Elbow Tracking Level rm_algo_set_q3_tracker_velocity_level
Specifically adjusts the response speed for elbow tracking in 7-axis robot arms. Parameter range: 0~1.0.
- A larger value results in more aggressive null-space motion response, making Joint 3 converge to the target angle faster.
- Adjust flexibly according to actual motion scenarios to avoid sudden elbow posture changes due to excessively fast tracking speed.
Practical Example
Taking the RM75B model as an example in the application scenario of a humanoid right arm, combining limit settings with the elbow tracking function adds constraints to the inverse kinematics solution, achieving more natural anthropomorphic postures.
Problem Scenario
During robot arm motion, an inverted elbow configuration as shown in Figure 2 can easily occur. This posture not only deviates from human motion habits but may also cause the robot arm to collide with the surrounding environment, affecting motion safety.
Solution
Add limits to the elbow joint (Joint 4)
For the inversion problem in Figure 2 (Joint 4 angle is -40 degrees), the minimum limit for Joint 4 can be set to 3 degrees. By adding this limit constraint, the joint will not move towards angles less than 3 degrees during motion, thus keeping the elbow always facing outward and avoiding inversion (the principle is the same for elbow restriction in our company's six-axis arms), as shown in Figure 3:
Add limits to the elbow joint (Joint 4) + Add constraints to Joint 3
As a redundant configuration device with null-space motion characteristics, a seven-axis robot arm cannot fully solve the elbow inversion problem with single-joint limits. It requires setting limits for Joint 4 while also adding constraints for Joint 3.
Rotation of Joint 3 causes elbow inversion:
As shown in Figure 4, even if other joints maintain optimal configurations, abnormal rotation of Joint 3 can still lead to elbow inversion.
Joint 4 constraint + Joint 3 constraint
For a seven-axis arm, elbow restriction relies not only on Joint 4 constraints but also on Joint 3 constraints. As shown in the red virtual models in Figure 5, the positions of Joint 3 are -60 degrees and 60 degrees respectively. Therefore, by adding maximum and minimum limits of 60 degrees and -60 degrees to Joint 3, its position can be constrained, preventing the elbow inversion problem caused by Joint 3 rotation as seen in Figure 4.
Elbow Tracking Function
For seven-axis arms, the elbow tracking function can also be used, which is indirectly implemented by controlling Joint 3. Taking the left image of Figure 5 as an example, if movement towards a normal configuration is desired, the target should be the red virtual model in Figure 6. The Joint 3 angle of the current red virtual model is 16 degrees. Therefore, the seven-axis elbow tracking function can be enabled with the Joint 3 tracking angle set to 16 degrees. During motion, the arm will perform null-space motion and gradually move towards this normal configuration.
Summary and Usage Recommendations
Six-axis robot arm: The elbow restriction scheme is achieved solely by limiting the elbow joint (Joint 3).

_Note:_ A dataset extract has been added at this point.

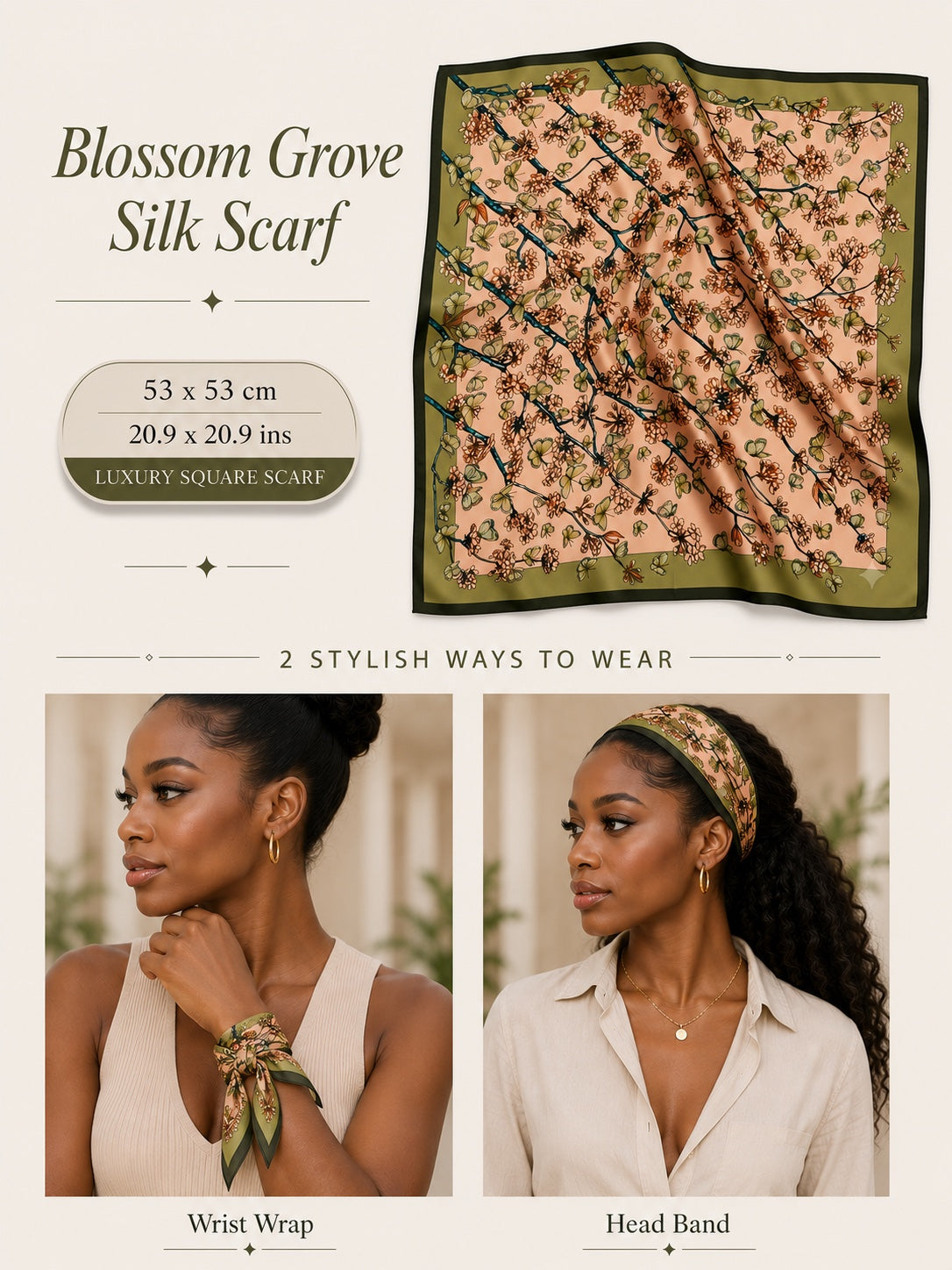 Blossom Grove Silk Scarf — 53 × 53 cm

Seven-axis robot arm: The elbow restriction scheme requires a flexible and skillful combination of limit constraints for Joint 3 and Joint 4, along with the elbow tracking function.
Through the flexible application of this set of inverse kinematics API interfaces, stable control of the robot arm in scenarios such as teleoperation and singularity avoidance can be easily achieved. Combined with anthropomorphic limit and tracking strategies, the robot arm's motion becomes more ergonomic, adapting to more high-precision application scenarios.